The forward-looking statements and information in this press release are based on certain key expectations and assumptions made by Storm, including: prevailing commodity prices and exchange rates; applicable royalty rates and tax laws; future well production rates; reserve and resource volumes; the performance of existing wells; success to be expected in drilling new wells; the adequacy of budgeted capital expenditures to carrying out planned activities; the availability and cost of services; and the receipt, in a timely manner, of regulatory and other required approvals. Although the Company believes that the expectations and assumptions on which such forward-looking statements and information are based are reasonable, undue reliance should not be placed on these forward-looking statements and information because of their inherent uncertainty. In particular, there is no assurance that exploitation of the Company’s undeveloped lands and prospects will result in the emergence of profitable operations.

Since forward-looking statements and information address future events and conditions, by their very nature they involve inherent risks and uncertainties. Actual results could differ materially from those currently anticipated due to a number of factors and risks. These include, but are not limited to the risks associated with the oil and gas industry in general such as: operational risks in development, exploration and production; delays or changes in plans with respect to exploration or development projects or capital expenditures; the uncertainty of reserve estimates; the uncertainty of estimates and projections relating to reserves, production, costs and expenses; health, safety and environmental risks; commodity price and exchange rate fluctuations; marketing and transportation of petroleum and natural gas and loss of markets; environmental risks; competition; ability to access sufficient capital from internal and external sources; stock market volatility; and changes in legislation, including but not limited to tax laws, royalty rates and environmental regulations.

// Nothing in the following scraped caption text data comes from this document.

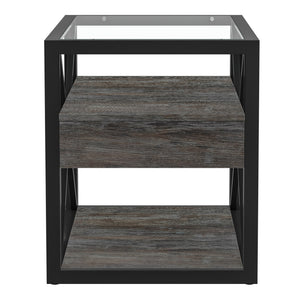 Modern End Tables with Drawer - Set of 2 Nightstands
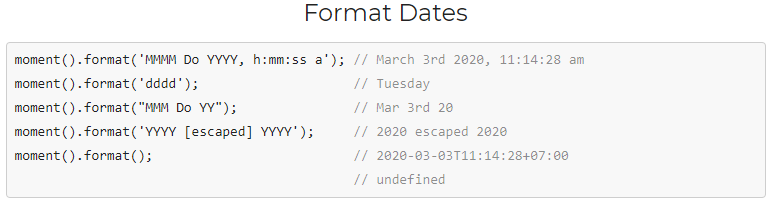 MomentJS. MomentJS là gì | by Vmnguyen | Medium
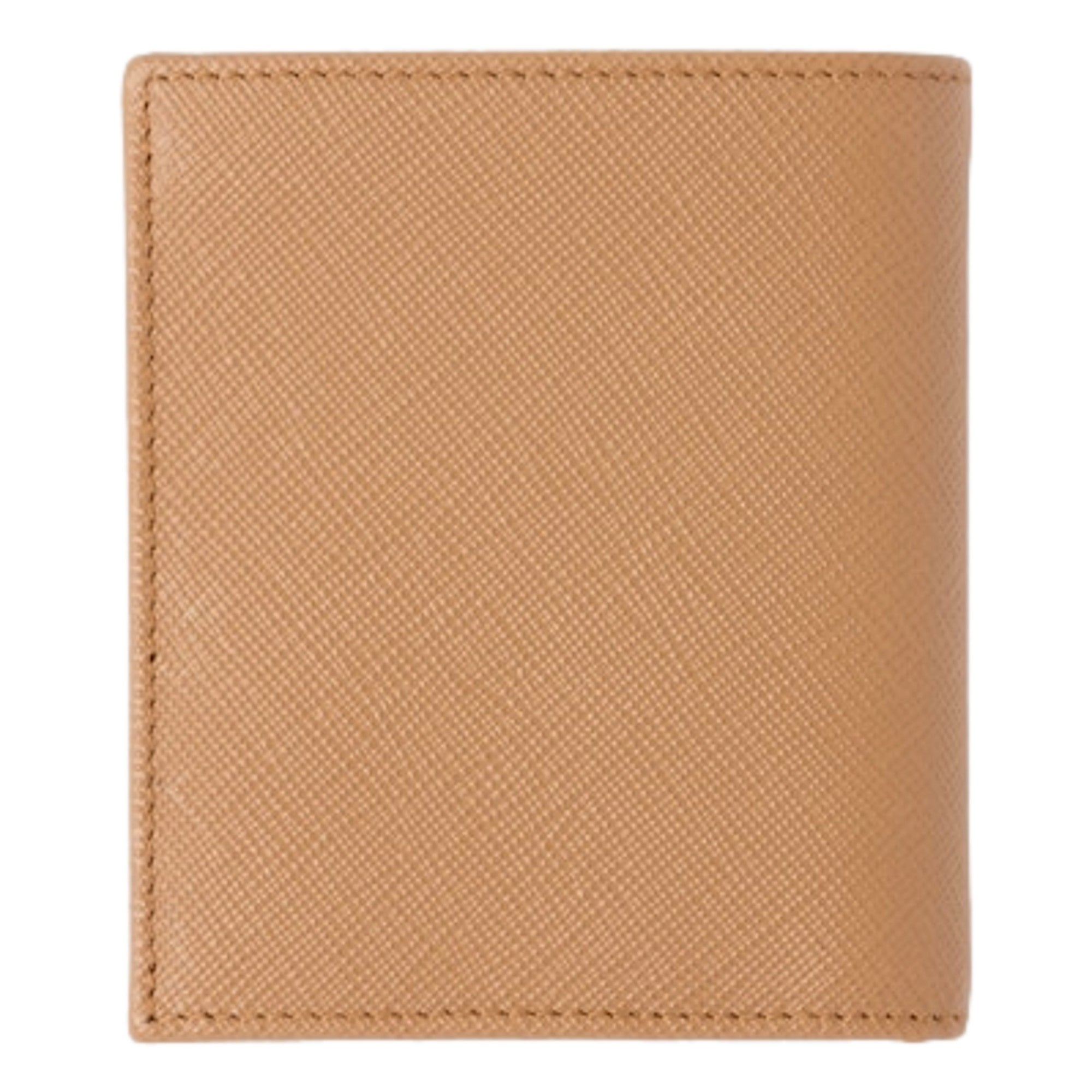 Prada Caramel Saffiano Leather Silver Triangle Logo Bifold Card Holder Wallet available at Queen Bee of Beverly Hills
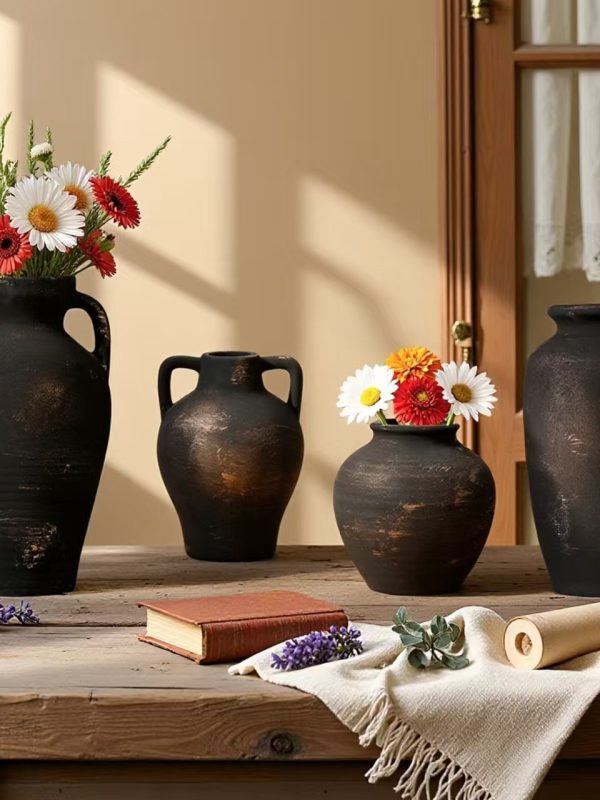 Vintage French Country Ceramic Vase, Creative Unique Decorative Flower Pot, Desktop Decoration Prop, 1pc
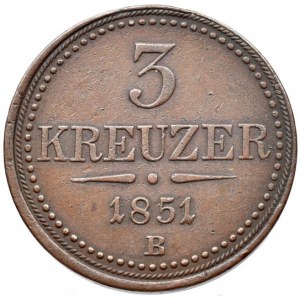 Konvenční a spolková měna, 3 krejcar 1851 B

Readers are cautioned that the foregoing list of factors is not exhaustive. Additional information on these and other factors that could affect the operations or financial results of the Company are included or are incorporated by reference in the company’s MD&A for the three and nine months ended September 30, 2012.

The forward-looking statements and information contained in this press release are made as of the date hereof and the Company undertakes no obligation to update publicly or revise any forward-looking statements or information, whether as a result of new information, future events or otherwise, unless so required by applicable securities laws.

Neither the TSX Venture Exchange nor its Regulation Services Provider (as that term is defined in the policies of the TSX Venture Exchange) accepts responsibility for the adequacy or accuracy of this press release.